Anti-smoking info campaign targets minorities

A statewide anti-smoking campaign aimed at minorities and those in poverty that highlights the dangers of second-hand smoke has begun.

Dubbed “Everybody Smokes When Anybody Smokes,” the campaign will use radio, bus and billboard advertisements to get the message across. And local anti-smoking advocates say they hope it will bolster their ongoing efforts to reach into minority communities to underscore the dangers of smoking.

“There are definitely certain groups that are impacted in different ways,” said Mandy Myszka, public health educator for the Marathon County Health Department. “For instance, the lower socio-economic population, the tobacco companies really target them specifically. They can offer them free tobacco products to get them started, for instance.”

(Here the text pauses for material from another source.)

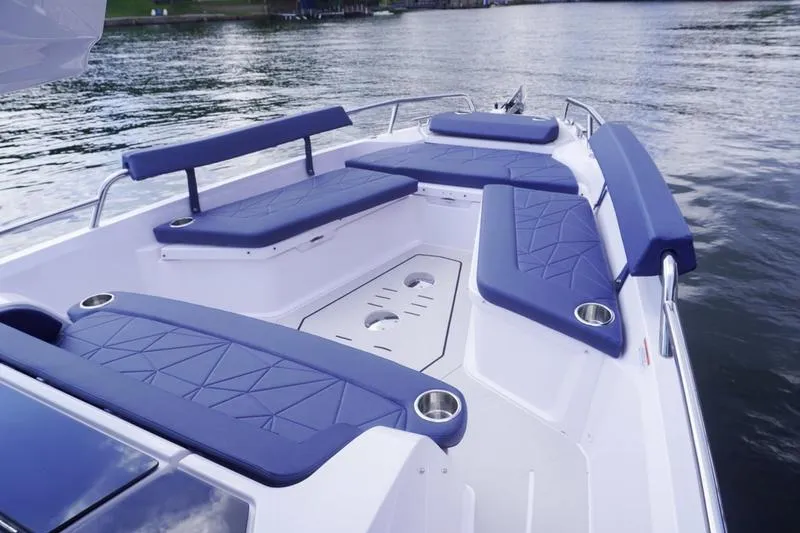 Slide: The Image of 2025 Axopar 29 XC Cross Cabin boat with blue seating on calm water. - 16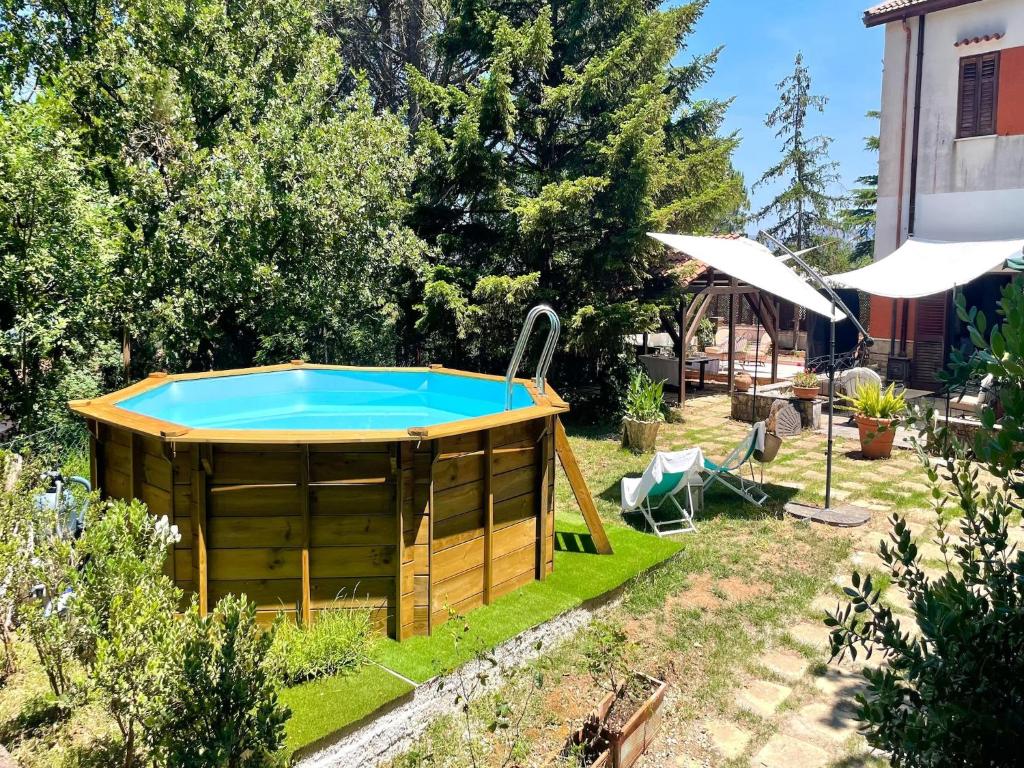 a pool in the backyard of a house at Villa in Cefalù with Pool and Forest Retreat in Castelbuono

The state campaign — promoted by the Wisconsin Tobacco Prevention and Control Program, a coalition of community anti-smoking activists and the state Department of Health Services — will use minority spokespeople to help make the connection with minority groups. For example, Blia Lor, a Hmong woman from Milwaukee, will be featured on billboards.

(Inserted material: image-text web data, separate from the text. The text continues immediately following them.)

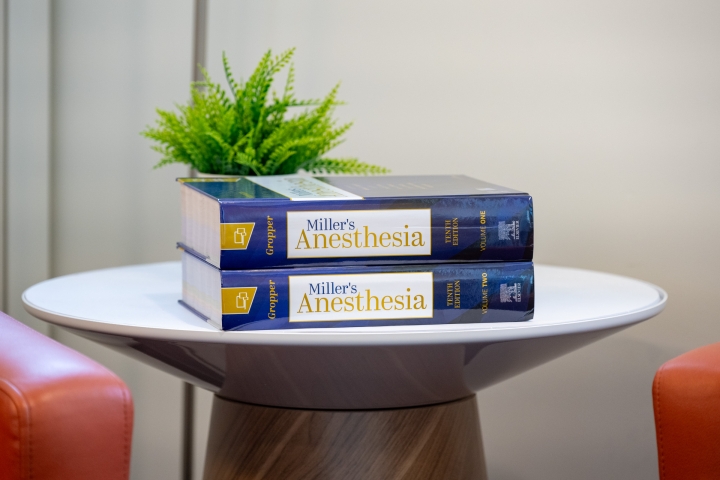 Both volumes of Miller's Anesthesia textbook on a table with a small green plant.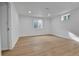 Spacious basement room features wood-look flooring and egress windows at 5224 Scranton Ct, Denver, CO 80239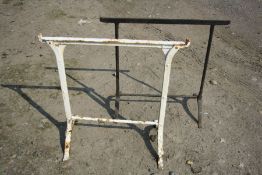 TWO VINTAGE CAST IRON TRESTLES of two different designs, 78cm and 79cm wide x both 72cm high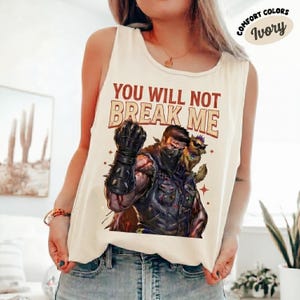 May include: Ivory-colored tank top with the text "YOU WILL NOT BREAK ME" and a graphic of a muscular figure with a black mask and spiked gauntlet. The graphic also includes a small animal with sunglasses. The words "Comfort Colors" and "Ivory" are also visible.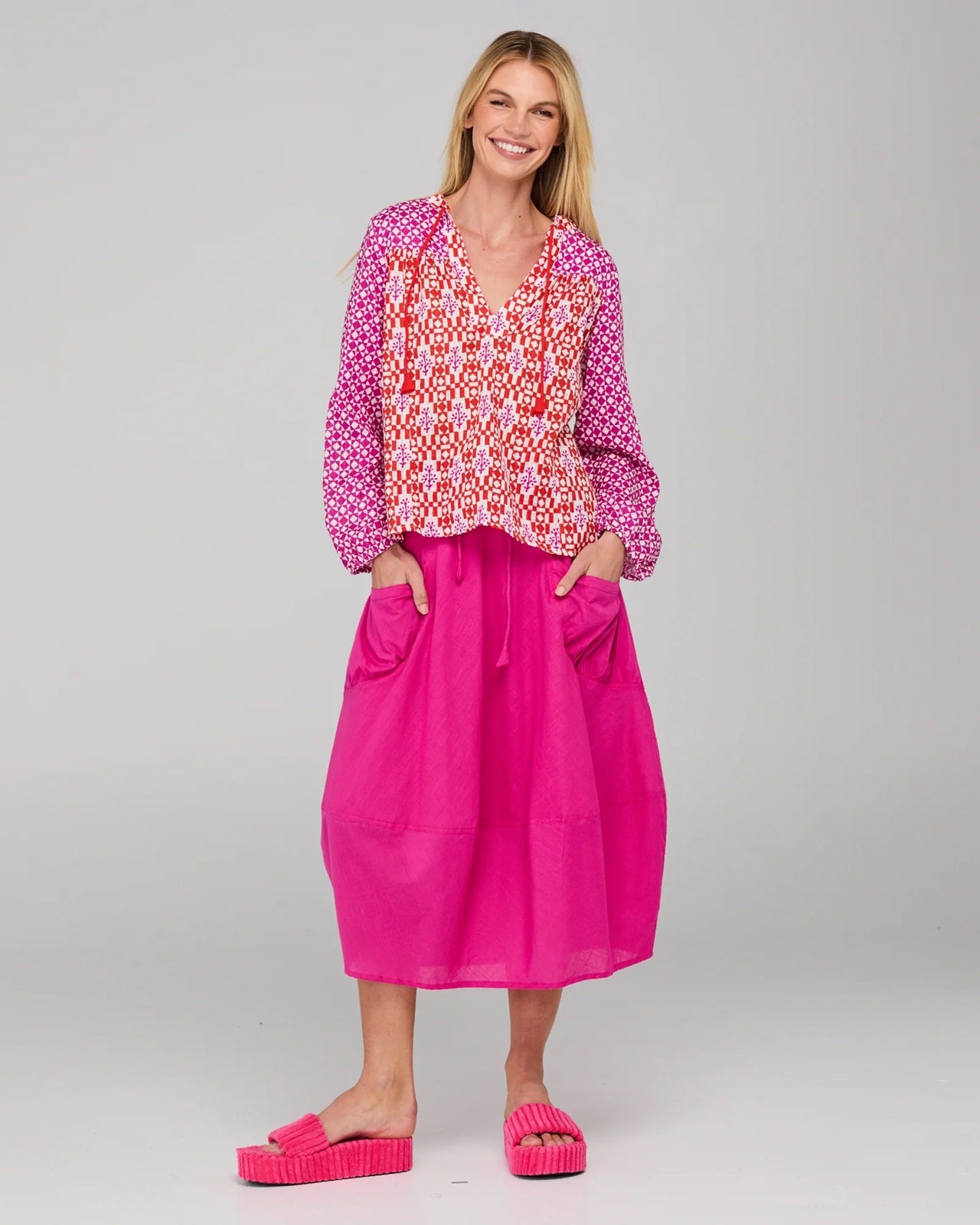 Model wearing a patterned cotton Fleetwood Top in Spliced Naples a pink, white and red print with long sleeves a v-neck and straight hem.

Myszka said her department has worked with the Wausau Area Hmong Mutual Association to take an anti-smoking message to the Hmong community.

There have been anti-smoking workshops, and the subject has been outlined on Hmong radio shows, said Peter Yang, executive director of the Wausau Area Hmong Mutual Association.

“We don’t see a lot of older Hmong smoking,” Yang said. “But we’re seeing more of the younger generation smoking. … I think they do like their peers, and it depends on who their peers are.”

That’s how John Vang, 19, of Wausau started smoking. He started when he was 16 “because I had friends who smoked.”

Now he’s cutting back on his habit, and he’d like to quit, “but it’s hard.”

He thinks putting a Hmong face on an anti-smoking advertisement might make some Hmong be “more apt to stop and look at it.” Whether it will weigh on anybody’s choice to smoke, he’s not so sure.

Vang’s already aware of second-hand smoke dangers, and he doesn’t smoke in front of his younger brother and sisters. He counsels them “not to try it.”

The “Everybody Smokes When Anybody Smokes” program will help the Hmong association with its anti-smoking efforts, Yang said, especially by using Hmong spokespeople.

“I think it will definitely bring more awareness in the community,” he said. “Hopefully, that will make people think twice about the long-term impact of smoking.”